As today, Milwaukee has always had a rich cultural life with iconic institutional structures to house them. This week we present photographs of a few of those cultural institutions along with current photographs if two structures that still stand today. The older photographic images, ca. 1890, are from our very rare bound set of 100 photographic plates, Milwaukee Illustrated, published in Milwaukee by J.C. Iversen & Co. You may also find a digitized copy in our digital collection, Milwaukee Neighborhoods. From top to bottom, the buildings are:
1.) Exposition Building, exterior and interior (first four images): The Milwaukee Exposition Building was designed by one of Milwaukee's most prolific architects, Edward Townsend Mix, and was built in 1881, serving as the first home of the Milwaukee Public Museum. It occupied an entire block between 5th and 6th Streets and Kilbourn Avenue and State Street. It burned down in 1905 and the Milwaukee Auditorium (currently Miller High Life Theatre) was built on the site in 1909. The first two interior views show the natural history exhibits of the Milwaukee Public Museum (which moved to a new building with the Milwaukee Public Library in 1898), and the last view shows the interior during the ethnic festival of Kermis, a traditional Dutch summer fair that immigrants from Holland brought with them to Milwaukee. The pavilion pictured here is selling Brussels Waffles, a precursor to the Belgian waffle made popular in the United States in the 1950s.

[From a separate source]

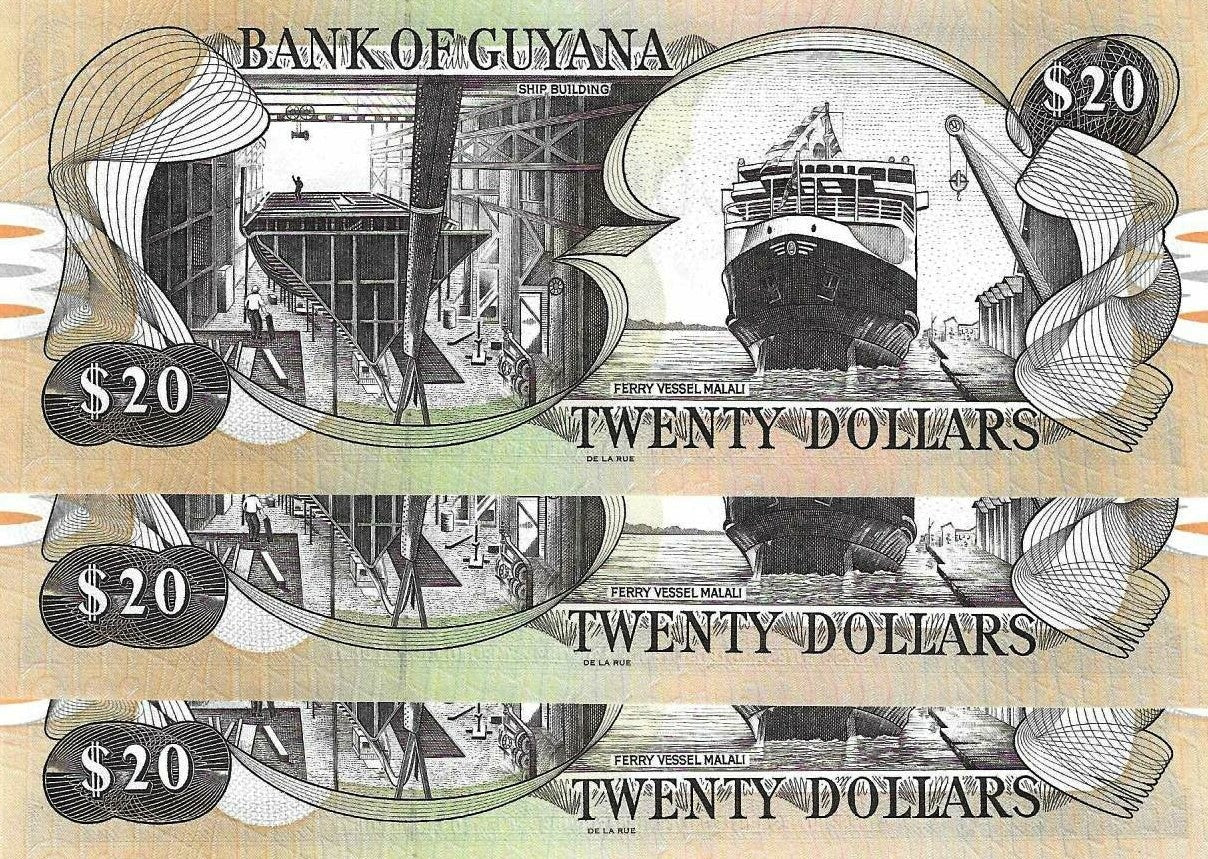 Guiana - 20 Dolares 2016 (# 30g)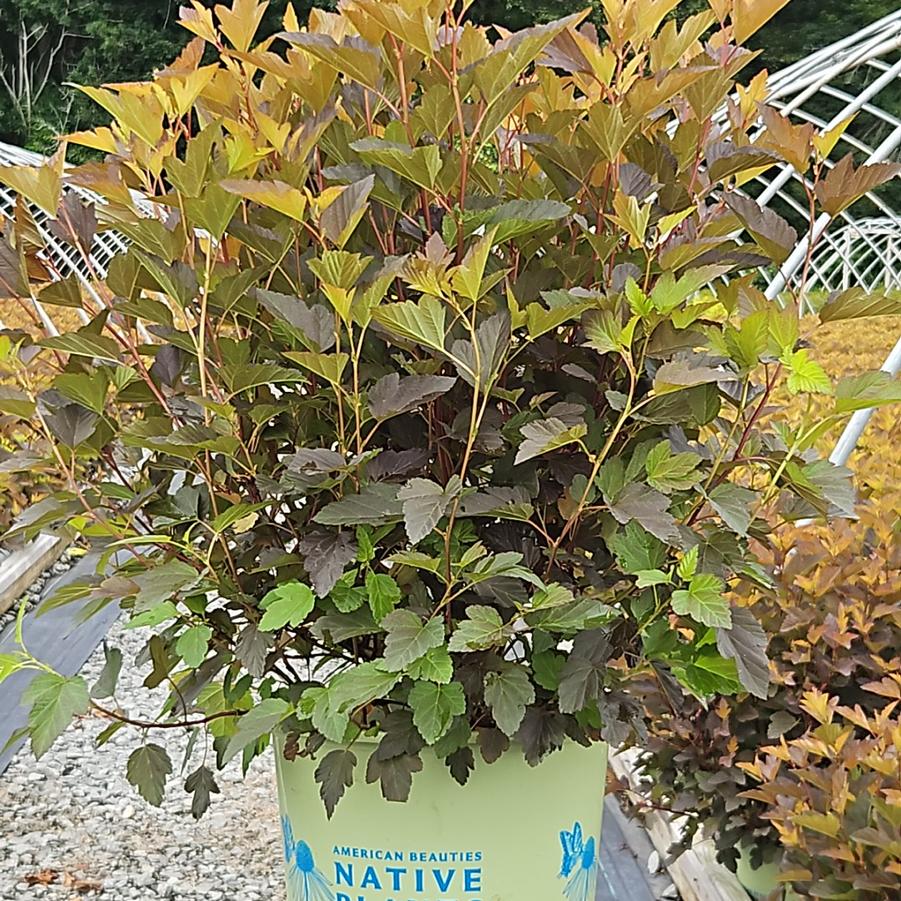 Physocarpus opu. Chroma Chameleon™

2.) Turner Hall (on the left) and Robert Chivas Post Hall: Milwaukee Turner Hall, (Turnverein), a center for gymnastics and social and cultural life of German immigrants in Milwaukee, was designed by architect Henry C. Koch and was completed in 1882, with an addition in 1899. It remains an important Milwaukee cultural institution today (see contemporary photo below the historic image) and the hall is listed in the National Register of Historic Places. Robert Chivas Post Hall (Grand Army of the Republic. Robert Chivas Post No. 2) was named after a lieutenant in the 24th Wisconsin, who was killed at Missionary Ridge on November 25, 1863. It is most notable for the 1886 meeting held there prior to striking workers marching to Bay View to protest excessive working hours. This led to the May 5, 1886 Bay View Massacre. The land where the post stood now serves as a parking lot for Turner Hall.

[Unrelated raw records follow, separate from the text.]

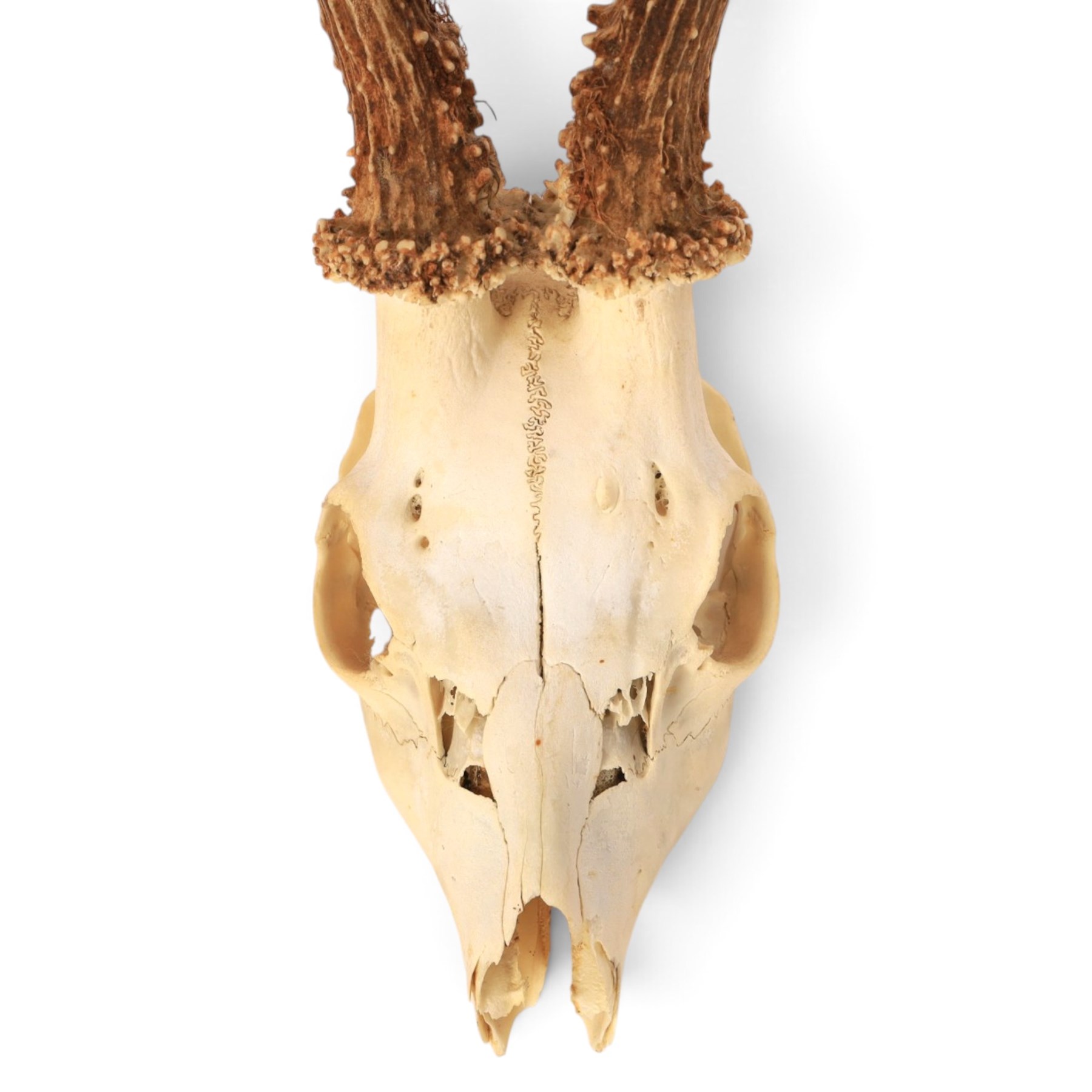 Taxidermy: European Roe Deer (Capreolus capreolus), shoulder mount, together with Roe deer antlers on cut upper skull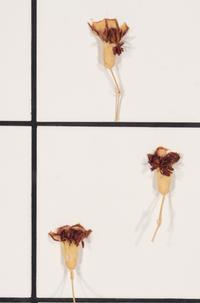 Tiles + Dried Flowers , 1996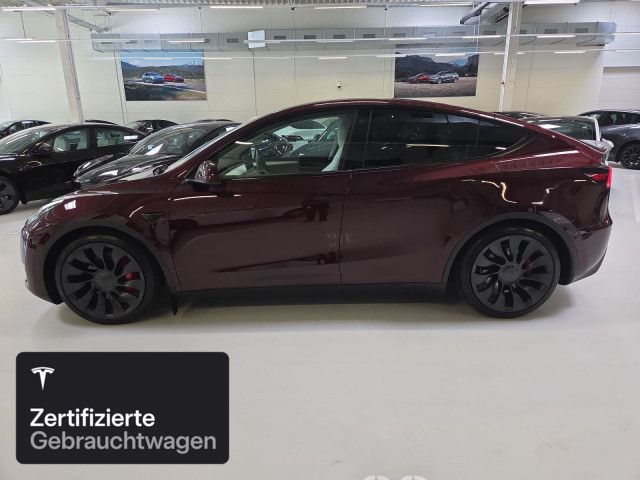 Tesla Model Y Performance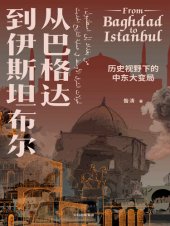 book 从巴格达到伊斯坦布尔：历史视野下的中东大变局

3.) Grand Opera House: Prominent Milwaukee businessman Jacob Nunnemacher and his son Hermann built the Grand Opera House in 1871, spanning an entire block and standing three stories high. It was later sold to noted Milwaukee brewer Frederick Pabst in 1890, but the theater was destroyed by fire in 1895. It was rebuilt quickly in the same year and is now known as Pabst Theater, which is still in operation today.
4.) Milwaukee Club: Founded in 1882, the Milwaukee Club became the first continuously-operating men’s club west of the Allegheny Mountains. The club's building was designed in the Queen Anne style by Chicago architect Daniel Burnham, with the construction supervised by Milwaukee's Edward Townsend Mix (mentioned above) and completed in 1883. It remains the club's headquarters today (see the contemporary photo) at the corner of Jefferson and Wisconsin.